- Born: August Wicke May 7, 1885 Barmen, Germany
- Died: January 3, 1947 (aged 61) Belleville, New Jersey, U.S.
- Occupations: Singer, stage actor, voice actor
- Years active: 1916–1944

= Gus Wickie =

American actor (1885–1947)

August Wicke (May 7, 1885 – January 3, 1947), also known as Gus Wicke and Gus Wickie, was an American bass singer and stage and voice actor. He was one of the voices of Bluto in the animated series, Popeye the Sailor, by Fleischer Studios.

==Life and career==
Wicke was born in Frankfurt, Germany, and immigrated to the United States with his father, who was also named August Wicke. He became a U.S. citizen as a child when his father was naturalized. He was living in West New York, when he registered for the World War I draft in 1917.

Wicke began in the entertainment world as early as August 1916, when he appeared on Broadway in The Big Show, produced by Charles Dillingham at the Hippodrome Theatre. The show ran for 425 performances until May 1917. He was a member of various harmony singing and comedy groups, including The Texas Four, which had broken up by 1926; The Westerners, which became active at around that time; and the Shanley Trio. He appeared in Boston in Here and There by director and producer R. H. Burnside in 1929. Two years later, Wickie was on Broadway in the musical comedy Ballyhoo of 1930, which ran for 68 performances, from December 1930 to February 1931, at Oscar Hammerstein's Hammerstein Theatre.
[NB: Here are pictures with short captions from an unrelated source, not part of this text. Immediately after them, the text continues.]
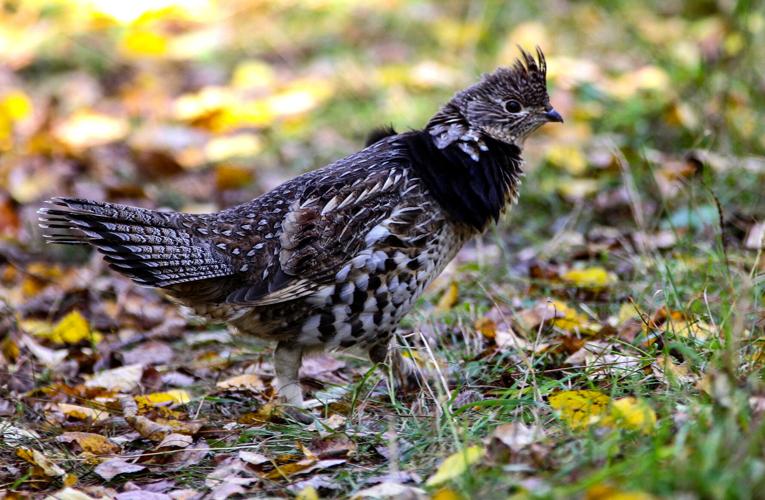 Grouse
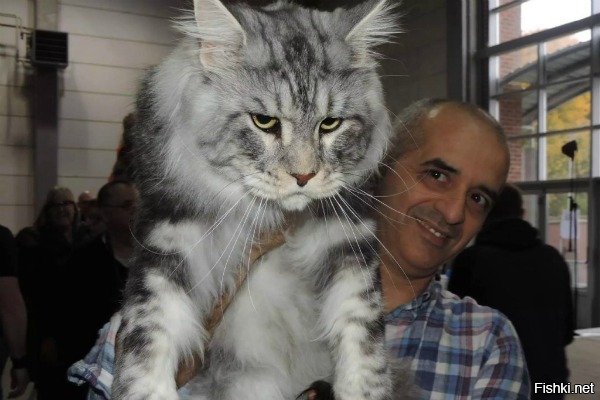 Ну, пни меня...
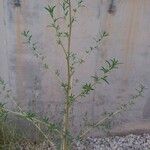 Amaranthus albus Leaf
Wickie was the voice of Bluto in the Fleischer Studios' Popeye cartoons from 1935 until 1938. His final performance for Fleischer was as the "Chief" in Big Chief Ugh-Amugh-Ugh. His draft registration documents indicate that he was one eyed, like Bluto's nemesis Popeye (as his name implies).

When Fleischer Studios moved from New York City to Miami, Florida, in 1938, Wickie stayed behind and continued working in the entertainment industry. An oft-cited biographical error is that Wickie was a baritone, recordings of his voice indicate he was a bass singer according to his dark timbre and vocal range, which go down to at least low C, as do published reports contemporary with his rediscovered later career according to research by David Gerstein.

Wickie was known for his nightclub performances around New York City, particularly at Bill's Gay Nineties, a venue run by Bill Hardy, but also at Radio Franks Club. Wicke generally made up a quartet with Spike Harrison, Fred Bishop, and a fourth member who was not permanent. He was listed in Billboards February 19, 1944, list of performers who appeared under the aegis of the American Theatre Wing to entertain the troops.

Wickie died in Belleville, New Jersey, on January 3, 1947, at the age of 61.